It is never enough for a tech innovator to have a good idea. Innovations must go through intersectional research market test to ensure that they are well-received by target users. However, there is a pressing need for research to probe intersectional factors so that resulting tech innovations can solve problems for a wide range of users.
Probing the market
Innovation research involves probing to understand the problem space, needs, and opportunities before one can come up with solutions. Intersectional research allows innovators to probe the market to determine whether or not an innovation is worth deploying on a larger scale:
- Does the proposed product/solution already exist? Did it succeed or not, and if it didn’t, what lessons can you learn from that failure?
- Does the product/solution solve a real problem for a large enough market?
- What is the perceived market and how large is it?
- Do potential customers understand the innovation and do they value it?
- How much are they willing to pay for it?

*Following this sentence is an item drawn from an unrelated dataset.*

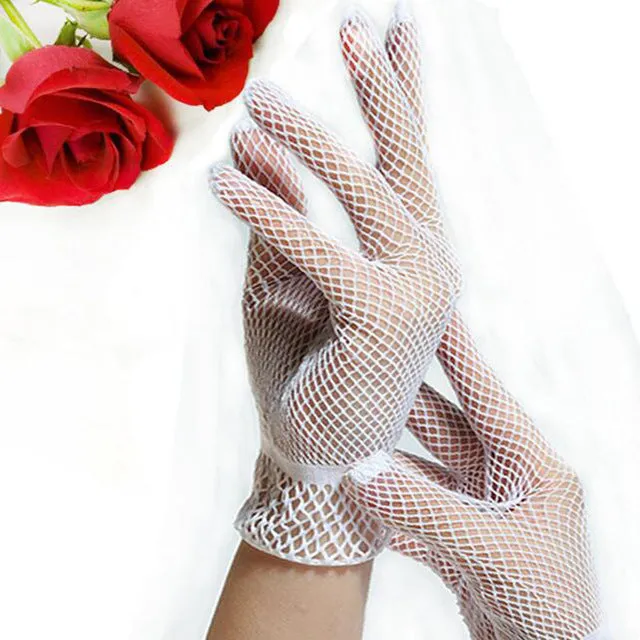 Hot Sale Fishnet Mesh Gloves Fashion Women Gloves Summer  Protection Lace Elegant Lady Style Gloves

Is there a real revenue opportunity?
Katie Lukes and Rob Hoehn offer more examples of questions that can guide market research around an innovation. The answers to these questions allow tech innovators to set clear research goals, identify gaps in the market and create bespoke, proprietary products or solutions. The answers to these questions might also highlight opportunities for collaborations.

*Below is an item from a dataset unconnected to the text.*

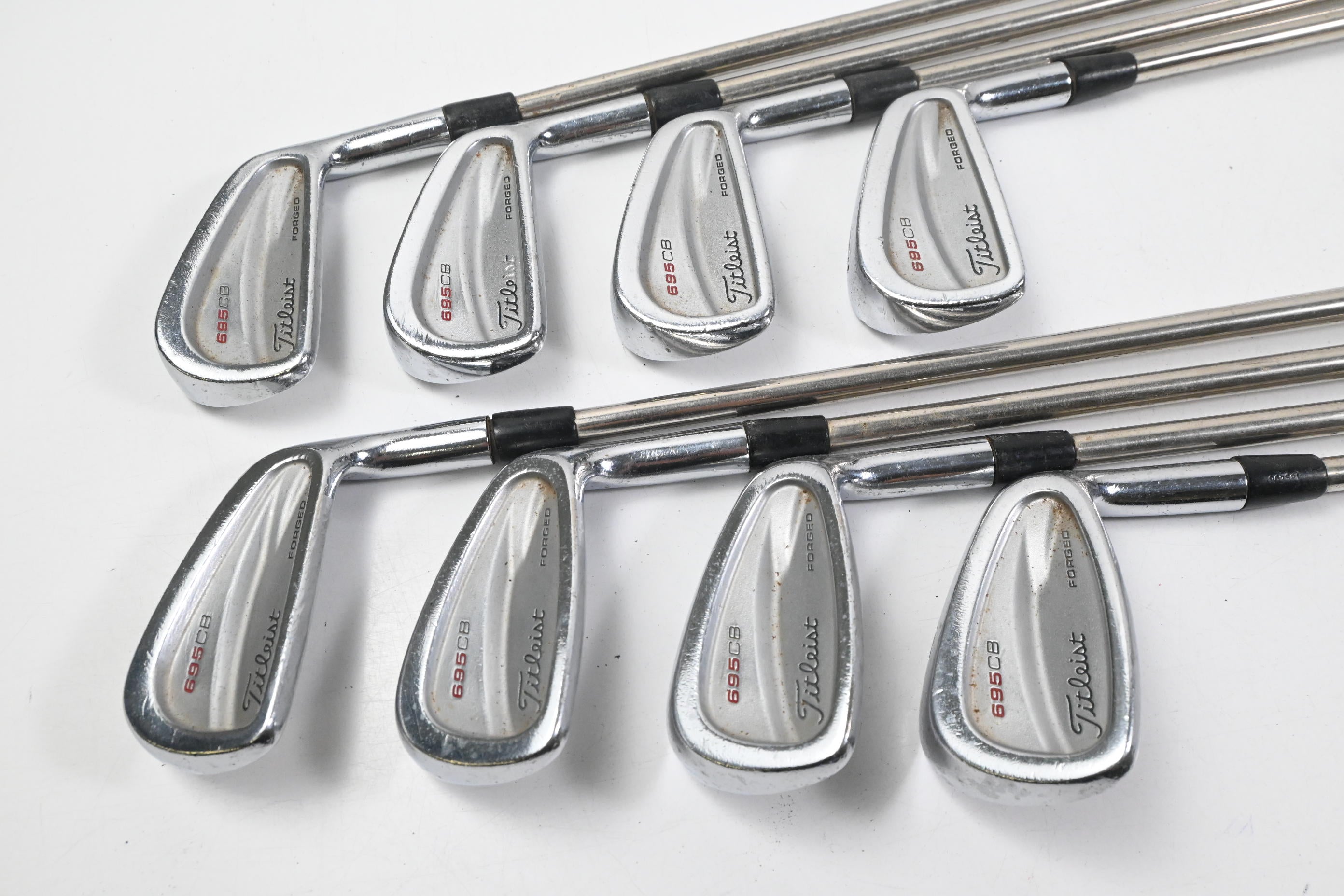 Titleist 695CB Irons / 3-PW / Regular Flex Black Gold Shafts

Intersectional Research Analysis
These questions, though valid, assume a certain homogeneity in target customer groups. To be considered complete, intersectional research must integrate sex, gender, race, culture geography, quality or even availability of internet, language etc and other intersectional factors at every stage. The failure to probe the market at this level can result in, for example, digital maternal health technologies and programmes in Sub-Saharan Africa that exclude the very women who need them. (Ogochukwu Udenigwe, Sanni Yaya)
Ongoing research by Qhala reveals that many digital platforms that provide opportunities for gig work are seldom created to meet the unique needs of women, who tend to be disproportionately affected by security risks inherent in some platform work, such as delivery work, and who can find themselves being paid less than men. Digital platforms may also not be designed to meet the needs of physically impaired users, who have to depend on friends and family to effectively use the platforms.
Computer facial recognition features trained on biased datasets may not recognise women, darker skinned persons and non-conforming people as well as they might white male faces. (Gendered Innovations, Stanford University)
intersectional research is key to creating innovations that respond to real needs. However, that research must ask the right questions. The lack of research that takes into consideration intersectional factors remains largely unexamined and uninterrogated by tech innovators. As a consequence, the inequalities that exist in the non-digital world are simply replicated, even amplified, in digital innovation.
This is to the detriment of tech users, who are supposedly, the focus of tech innovation. However, complete research, that includes intersectional research analysis at every stage, can result in innovations that are inclusive and that stand a better chance of being commercially successful.